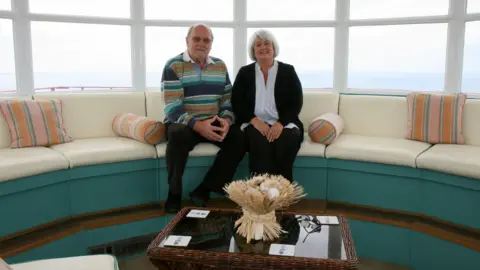 Simon Furber/BBC A man and woman sit on a cream sofa.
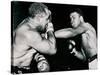 Young Cassius Clay Scores with a Left Against the Veteran Archie Moore in the First Round of the?-American Photographer-Stretched Canvas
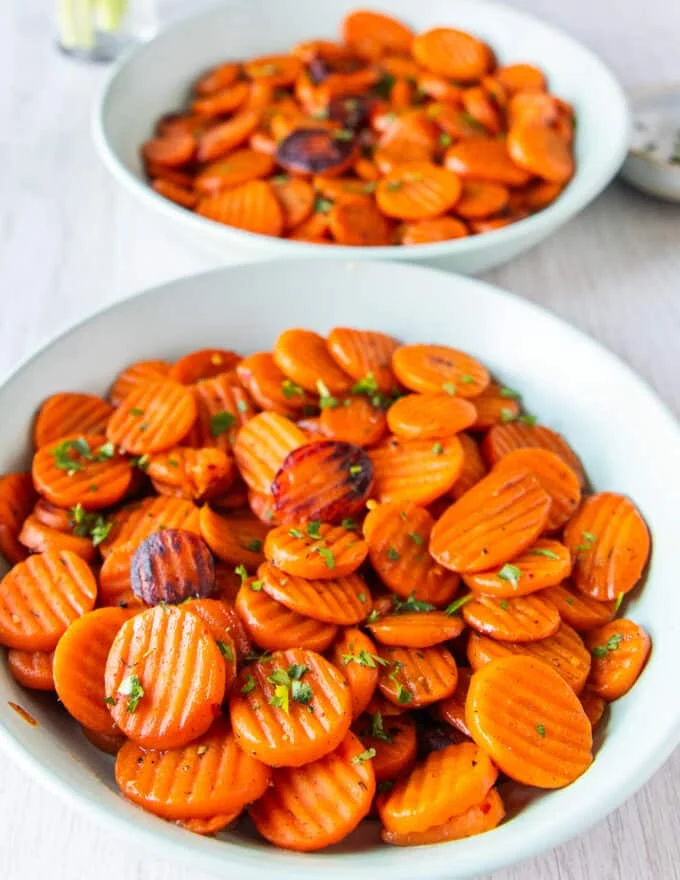 close up of golden sweet maple glazed carrots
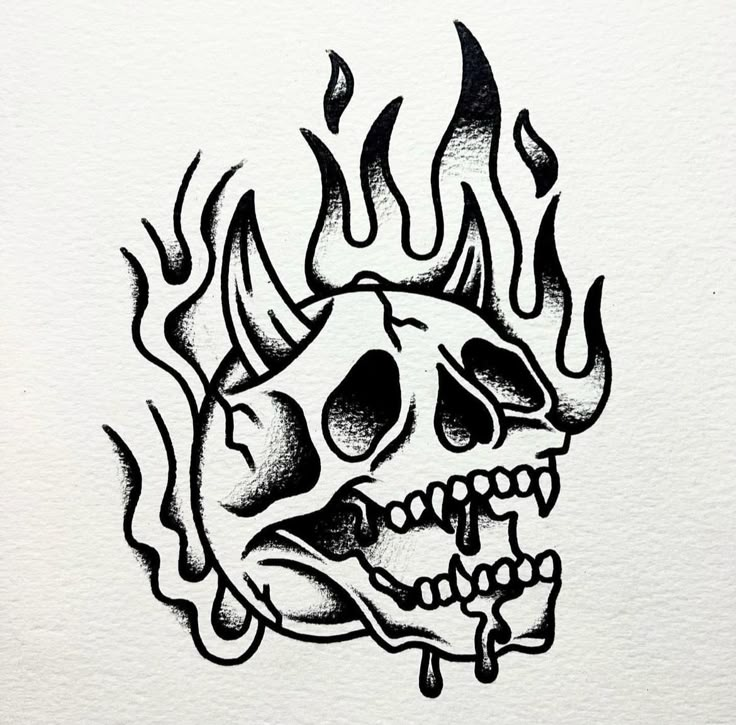 a drawing of a skull with flames on it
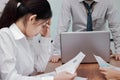 Stressed exhausted young Asian business woman suffering from severe depression between meeting in office. Royalty Free Stock Photo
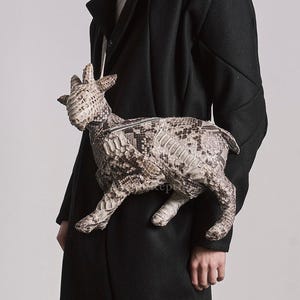 Puede incluir: Un bolso único con forma de cabra hecho de un material similar a la piel de serpiente. El bolso es principalmente beige y gris, con un patrón detallado. La persona lleva un abrigo largo negro y pantalones blancos.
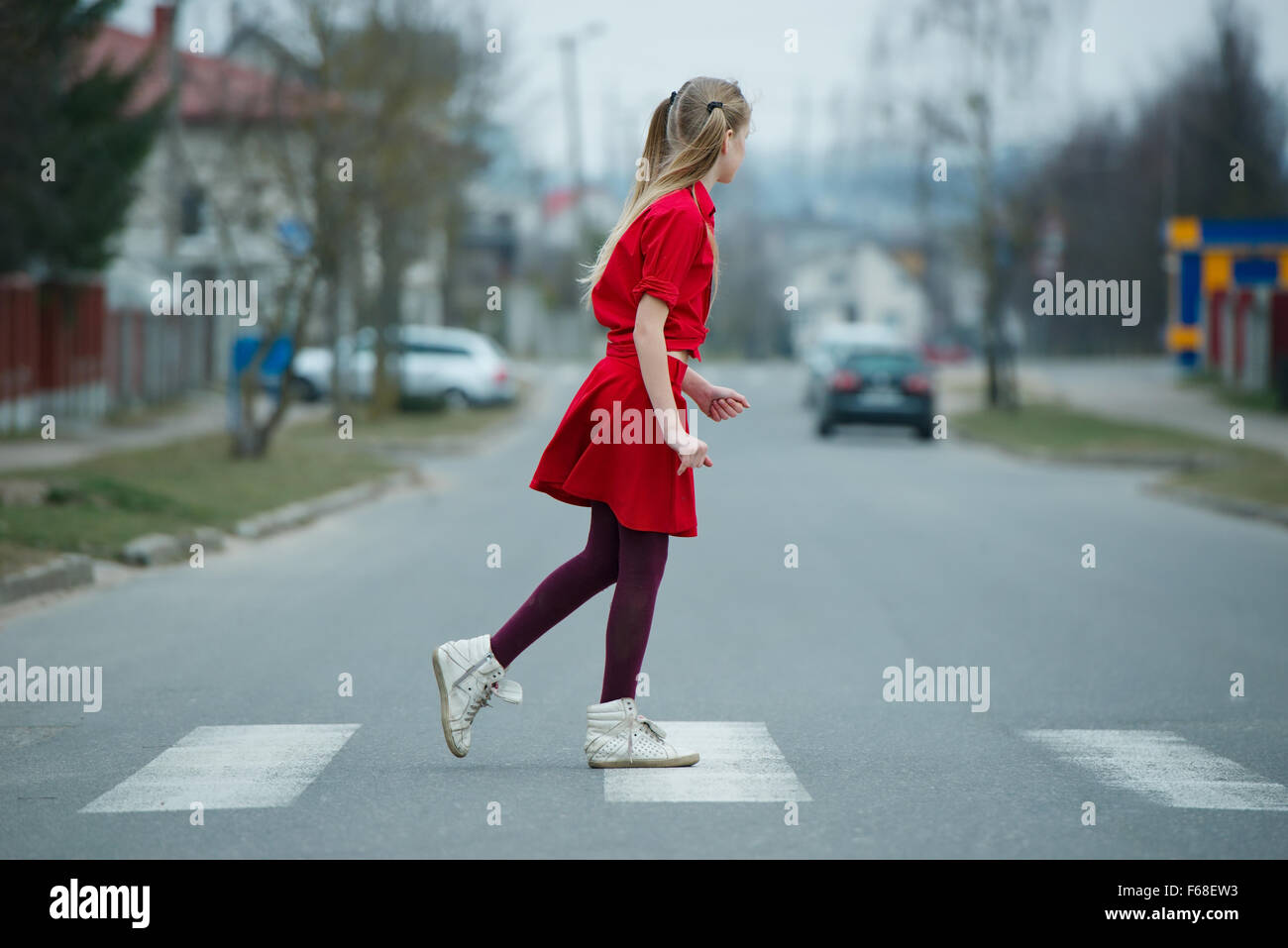 children crossing street on crosswalk Stock Photo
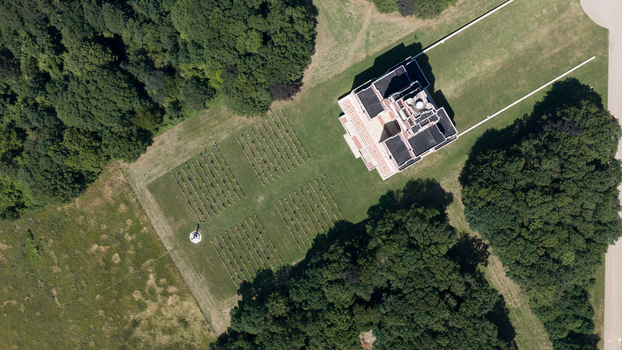 Aerial view of Thiepval Memorial to the Missing of the Somme surrounded by manicured lawns rows of grave markers and dense woodland in Thiepval Hauts de France France.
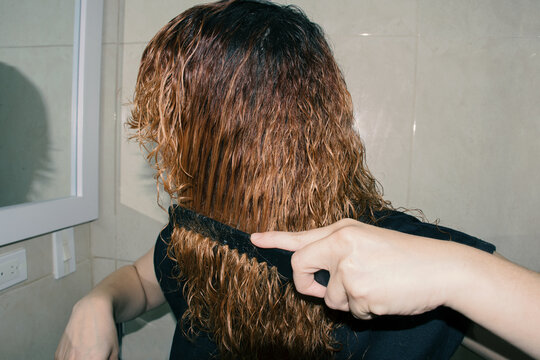 Woman cutting her hair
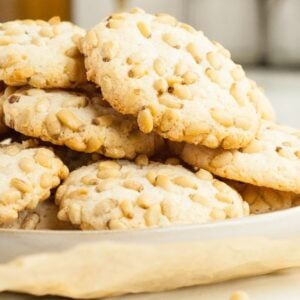 A plate of almond and pine nut cookies stacked on parchment paper, with a blurred background—perfect for easy gluten free holiday baking.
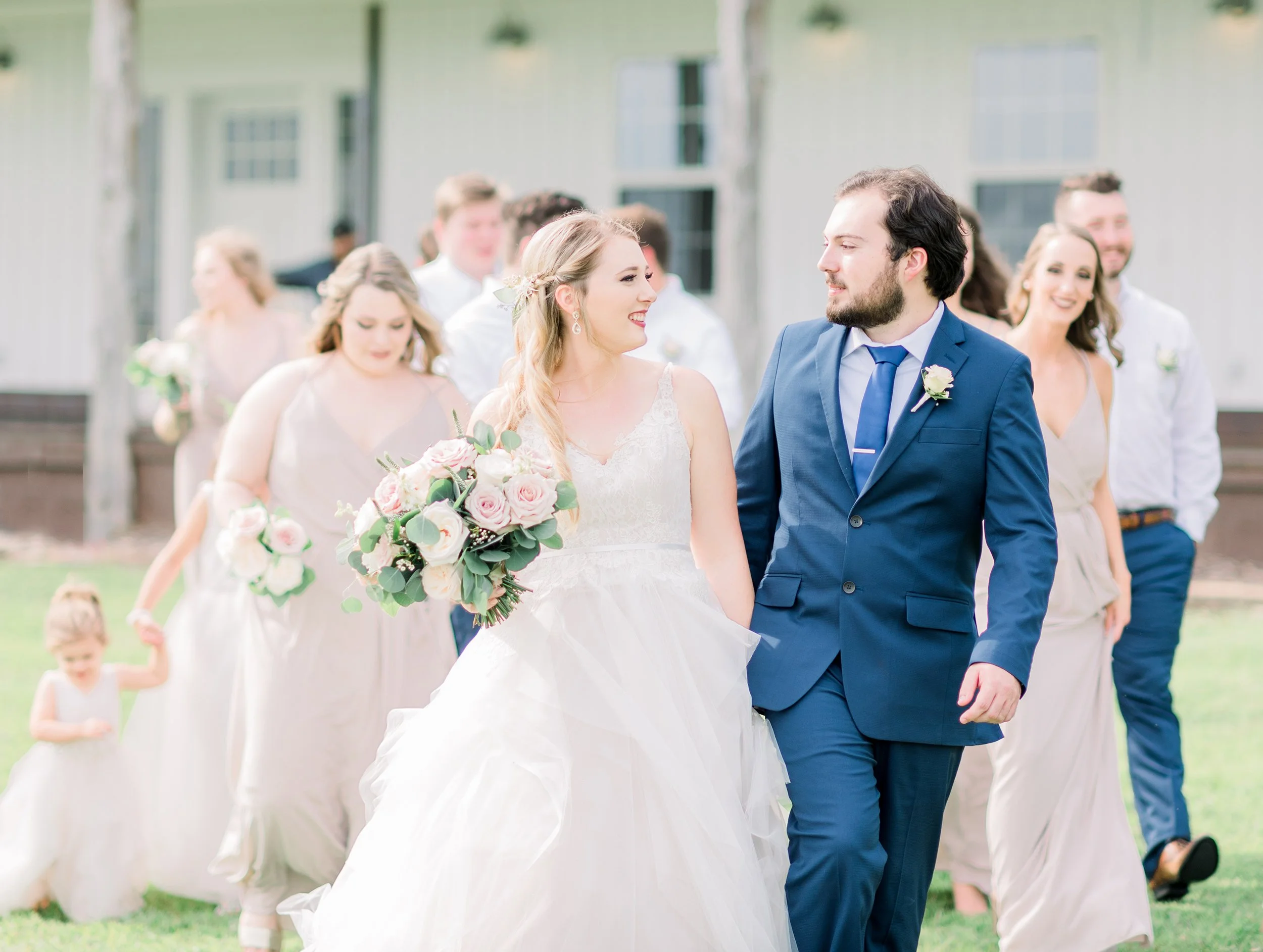 A bride and groom walking together outdoors at their wedding, surrounded by bridesmaids and groomsmen, with a bright, cheerful atmosphere.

*Exercise objective*: If pictures are present, they are dropped, and the entries above are written out word for word.

*Solution to this task*:
 Simon Furber/BBC A man and woman sit on a cream sofa.
 Young Cassius Clay Scores with a Left Against the Veteran Archie Moore in the First Round of the?-American Photographer-Stretched Canvas
 close up of golden sweet maple glazed carrots
 a drawing of a skull with flames on it
 Stressed exhausted young Asian business woman suffering from severe depression between meeting in office. Royalty Free Stock Photo
 Puede incluir: Un bolso único con forma de cabra hecho de un material similar a la piel de serpiente. El bolso es principalmente beige y gris, con un patrón detallado. La persona lleva un abrigo largo negro y pantalones blancos.
 children crossing street on crosswalk Stock Photo
 Aerial view of Thiepval Memorial to the Missing of the Somme surrounded by manicured lawns rows of grave markers and dense woodland in Thiepval Hauts de France France.
 Woman cutting her hair
 A plate of almond and pine nut cookies stacked on parchment paper, with a blurred background—perfect for easy gluten free holiday baking.
 A bride and groom walking together outdoors at their wedding, surrounded by bridesmaids and groomsmen, with a bright, cheerful atmosphere.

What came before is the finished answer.